Friday, June 08, 2012

The NYC Scoop, Clear Skies, Some Money for Poetry (?!), and The Great & Mighty Gazette

For those of you who aren't quite sure, Book Expo America--where Dan and I have been for the past week--is the biggest North American trade show in the biz, and perhaps the only way you can get thousands of publishers, publicists, literary agents, distributors, media representatives, librarians, booksellers, "power readers," bloggers, and authors to trudge in a herd twice daily through the meat packing district of New York. We met Lemony Snicket. We snuck inside the annual New Directions party, held in their 8th Avenue offices, where we gawped at their filing cabinets ("Pound, E. Correspondence A-L"), ogled their decor (on the wall in the main hallway, a scrip in the hand of W.C. Williams, next to a Henry Miller painting), and were altogether very warmly welcomed by people and objets d'art alike. On the fair floor a growing collection of willy warmers hooked the eyes of more than a few passersby, and we talked up your Bibliotitles till our throats were sore. Altogether a resounding success! And a success made even sweeter by coming home to this little gem by David Hickey:



What are those little colour panels, you may ask? Little mini-Mondrians? Not exactly. Read more about  clear sky charts--"equal parts Atari and abstract art"--on David's blog

Ahem. In other (woefully overdue) poetry news, we have a lovely & thoughtful new GoodReport on mythic maps, plus the grounds and airy overgrounds, in Amanda Jernigan's Groundwork. And Marsha Pomerantz, whose Illustrated Edge is now just a little over a year old, was just recently selected as the recipient of a prestigious fellowship from the Massachusetts Cultural Council. Congratulations to Marsha and happy birthday to the Edge!

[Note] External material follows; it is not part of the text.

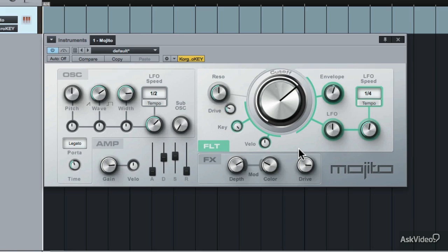So that's Mojito for you. Get stuck in there and design your own Mojito presets.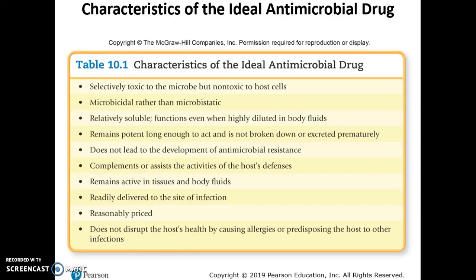You'd rather kill off the microorganisms. The drug should also be relatively soluble, functioning even when highly diluted in body fluids, so you can take a minimal amount and it still be effective. It should have a long shelf life, remaining potent long enough to act — not broken down by stomach acid or excreted too quickly before it can do its job.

Last but not least, since it wouldn't be a 2012 blog post without me saying something about Malarky, I'd like to point your virtual eyes towards what's running in this weekend's Montreal Gazette. You know you're in good hands when a review begins "It's a post-Celtic Tiger Ireland," and finishes with with a hellzapoppin paragraph like this: 
Toeing the delicate line between tragedy and comedy – the former inherent in the bare facts of Our Woman’s life, the latter in her irrepressible voice – Schofield starts at a pitch of inspiration most novels are lucky to reach at any point and remarkably sustains that level all the way through. The spirit of Joyce’s Molly Bloom hovers around the edges of Malarky, so if you’ve always found the last pages of Ulysses to be the highlight of that difficult masterpiece, you might just find Molly’s modern-day descendant in Our Woman. Others will be reminded of another Irish classic, lately fallen into unjust neglect: Edna O’Brien’s 1960 novel The Country Girls. But here’s one Irish country girl who has grown up and seen and done things O’Brien’s could never have envisioned.
Thanks to Ian McGillis for that. Happy weekend, everybody. This brings the trade show season to a close until the fall.